Goll-lee but the Dutch know coffee! There wasn’t a single place we went
where we didn’t get a cup (usually miniature, sometimes of teacup proportions,
and very occasionally about 200ml – but never, ever the giant crud that passes
for restaurant/takeaway ‘coffee’ in South Africa ) of the most astonishingly
heady, fragrant, PERFECT brew. I mean, they gave us a cup of this astonishingly
awesome coffee at the car-hire place while we waited to fill out forms! Seriously,
if it weren’t for the boring landscape and the neverending rain and the
teeny-tiny toilets and all the bloody stairs and the kamikaze cyclists and the
eye-poppingly expensive cost of living and the bossy Dutch, I would move to Holland for the coffee.

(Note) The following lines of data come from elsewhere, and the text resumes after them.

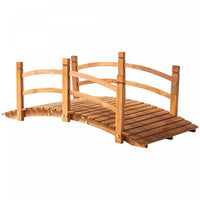 Outsunny 5ft Wooden Garden Bridge Classic Arc Footbridge With Guardrails For Stream Pond Walkway, Or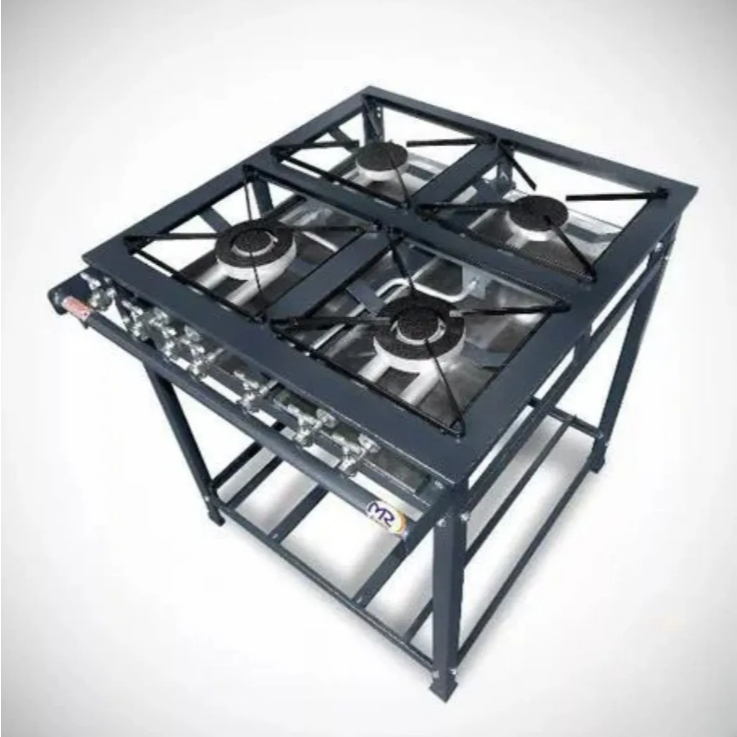 Fogão 4 Bocas Industrial Baixa Pressão Perfil 5 Com Grade 30 Cm Da Mr Fogões Top
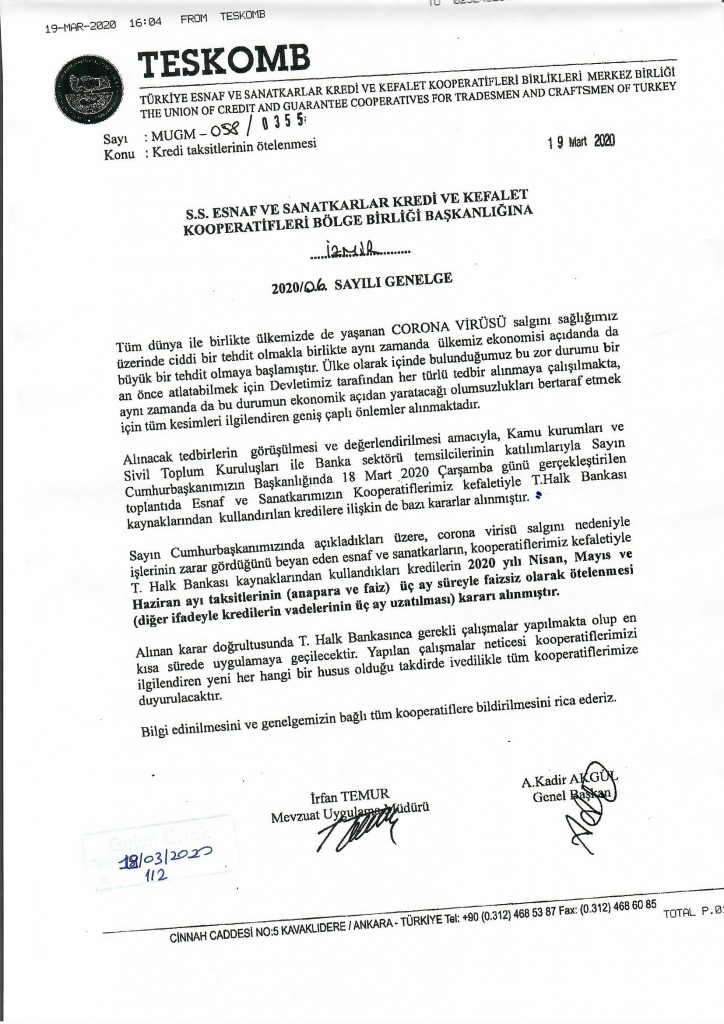 GENELGE KREDİ TAKSİTLERİNİN ÖTELENMESİ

They always serve the coffee with speculaas, which is a thin, crispy cinnamon/ginger
biscuit of which the Dutch are inordinately proud. I say ‘inordinately’ because
it’s, you know, lovely, but after a while I wouldn’t have minded a Baker’s
Lemon Cream. Call me a philistine.
But niggles aside (and I’m assuming the Dutch won’t mind my criticism, because
I’m kind of liking this ‘being straightforward’ thing), I have to give Holland a full,
enthusiastic 10 points for their coffee. It was fabulous.